Artful Lives

Posted online: January 2018

The Jarvaise Family Legacy

Written By L.D. Porter Photographs By Sam Frost

It’s probably true that artists live more interesting lives than the rest of us. Despite the major challenges most creatives encounter—lack of financial security and the constant struggle for recognition—their lives just seem more glamorous and less boring than ours. Consider Santa Barbara painter James Jarvaise (1924-2015), who, while establishing an important body of his own work, mentored an entire generation of artists. Of equal importance was the inspiring way he led his life, a wholehearted embrace of creativity, culture, and family.

“He was the coolest guy ever,” says daughter Anna of her father. “Everything was just visual and aesthetic.” “Everything” included the Jarvaise family compound in Santa Barbara. Acquired in 1970 by James and wife Lorraine for their growing family (the couple had five children), the one-acre property boasts a cluster of three Spanish-style buildings, each with its own courtyard, garden patio, and fountain. Over time, James added creative touches everywhere: intricate tile work, stained glass windows, decorative fireplaces, antique wood doors, and, of course, his own large-scale artworks.

Anna (a painter) and her brother, Jean (an electrical engineer who does sculpture), currently live on the property with their partners and share fond memories of growing up in an artistically driven household.
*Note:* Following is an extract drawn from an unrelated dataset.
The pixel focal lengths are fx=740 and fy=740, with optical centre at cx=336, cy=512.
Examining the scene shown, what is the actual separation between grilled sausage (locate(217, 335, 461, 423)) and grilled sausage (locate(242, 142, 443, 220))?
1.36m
At one point, the front yard was planted with grapes so the family could make wine. “It wasn’t big enough to do anything major,” notes Jean, while admitting his father was serious enough to own a tractor. (Summers were spent in a tiny hilltop town in Spain, where the siblings remember milk being delivered to their home via donkey.)
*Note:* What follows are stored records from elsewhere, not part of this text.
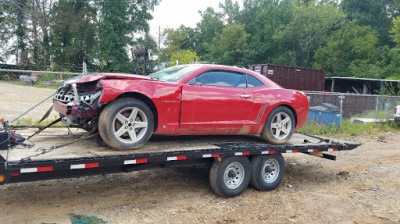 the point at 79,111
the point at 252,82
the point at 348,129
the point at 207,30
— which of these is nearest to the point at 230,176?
the point at 252,82

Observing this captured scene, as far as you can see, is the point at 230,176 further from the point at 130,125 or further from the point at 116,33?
the point at 116,33

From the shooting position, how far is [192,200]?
16.7 ft

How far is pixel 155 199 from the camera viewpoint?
5.06 m

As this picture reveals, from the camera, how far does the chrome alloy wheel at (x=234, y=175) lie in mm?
5219

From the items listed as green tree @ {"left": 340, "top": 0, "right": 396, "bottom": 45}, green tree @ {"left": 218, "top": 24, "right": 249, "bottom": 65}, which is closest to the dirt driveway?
green tree @ {"left": 218, "top": 24, "right": 249, "bottom": 65}

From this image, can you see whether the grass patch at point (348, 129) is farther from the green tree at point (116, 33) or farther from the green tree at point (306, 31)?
the green tree at point (306, 31)

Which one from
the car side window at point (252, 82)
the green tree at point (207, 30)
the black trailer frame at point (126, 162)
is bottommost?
the black trailer frame at point (126, 162)

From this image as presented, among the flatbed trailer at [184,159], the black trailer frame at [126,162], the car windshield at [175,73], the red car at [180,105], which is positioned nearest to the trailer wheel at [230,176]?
the flatbed trailer at [184,159]

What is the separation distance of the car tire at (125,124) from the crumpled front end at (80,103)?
0.58ft

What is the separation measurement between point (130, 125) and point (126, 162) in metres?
0.51

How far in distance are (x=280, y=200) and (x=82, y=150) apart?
3.24m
Living a creative lifestyle is only a part of James’s story. He was born in Indianapolis, Indiana, where his talent was recognized in elementary school. He was chosen to participate in art classes at Carnegie Tech, but his talent was put on hold during World War II while he served in the U.S. Army Air Corps. Following the war, James traveled to Paris where he met Japanese-American painter Matsumi (Mike) Kanemitsu. Both young men studied with renowned artist Fernand Léger, who “would show up once in awhile…and say something about everyone’s painting,” James recalled in an interview. (James and Kanemitsu remained friends, and the two ended up teaching together at Chouinard Art Institute—now CalArts—in Los Angeles.)

Returning from Europe, James pursued a fine arts degree in drawing and painting at USC (where he met future wife Lorraine) and also earned an MFA there. He then embarked on a teaching career that would span more than 30 years and several institutions (USC, Chouinard Art Institute, Occidental College, Oxnard College). Noted artists Robert Therrien and Henry Taylor are two former students who credit James as having an important influence on their work.
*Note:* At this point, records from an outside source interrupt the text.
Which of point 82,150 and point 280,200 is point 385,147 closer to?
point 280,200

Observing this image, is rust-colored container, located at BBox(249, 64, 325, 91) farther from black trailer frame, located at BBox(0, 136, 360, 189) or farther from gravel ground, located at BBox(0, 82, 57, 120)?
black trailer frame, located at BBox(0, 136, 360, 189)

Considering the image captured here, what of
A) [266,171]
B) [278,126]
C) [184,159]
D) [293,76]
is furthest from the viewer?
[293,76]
In 1959, James was included in “Sixteen Americans,” an exhibition at New York’s Museum of Modern Art. A number of other artists in the show—Jasper Johns, Ellsworth Kelly, Louise Nevelson, Frank Stella—became household names. At the time, none other than legendary gallerist Peggy Guggenheim encouraged James to move to New York; and it’s generally agreed that had James relocated, the trajectory of his career would have been different. “He just didn’t want to do it,” says Jean. “He was raising his family here and so he opted to stay in California.” Adds Anna, “He didn’t like to self-promote.” 

Even so, James never stopped making and exhibiting art, and his work resides in museum collections throughout the United States, including Washington, D.C.’s Hirshhorn Museum, New York’s MOMA, LACMA, and, closer to home, UC Santa Barbara’s Art, Design & Architecture Museum. Shortly before his death in 2015, James exhibited his collages at Louis Stern Fine Arts in Los Angeles. After viewing the show, art critic Hunter Drohojowska-Philp remarked, “The most youthful art that I have seen this month is produced by James Jarvaise, who is 91.” A fitting tribute to a supremely talented artist who lived life on his own terms, created beauty around him, and inspired others to do the same.